▸ **Task instructions**
From the line containing "Guardians of the Galaxy. Vol.3, 1 DVD - DVD" down to the line containing "Chinese bloempot, Antiek en Kunst, Ophalen" in the records below, reproduce every line exactly, ends included, and omit all others.

▸ **Excerpted data**
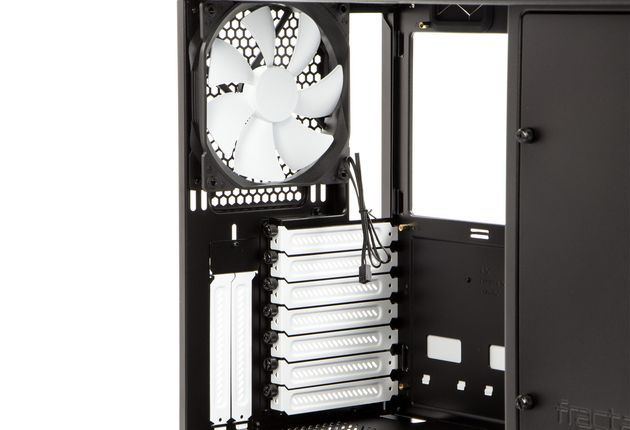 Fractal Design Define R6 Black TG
---
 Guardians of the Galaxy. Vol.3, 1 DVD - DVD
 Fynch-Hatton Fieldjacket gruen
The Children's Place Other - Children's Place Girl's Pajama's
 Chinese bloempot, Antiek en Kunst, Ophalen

▸ **Result**
 Guardians of the Galaxy. Vol.3, 1 DVD - DVD
 Fynch-Hatton Fieldjacket gruen
The Children's Place Other - Children's Place Girl's Pajama's
 Chinese bloempot, Antiek en Kunst, Ophalen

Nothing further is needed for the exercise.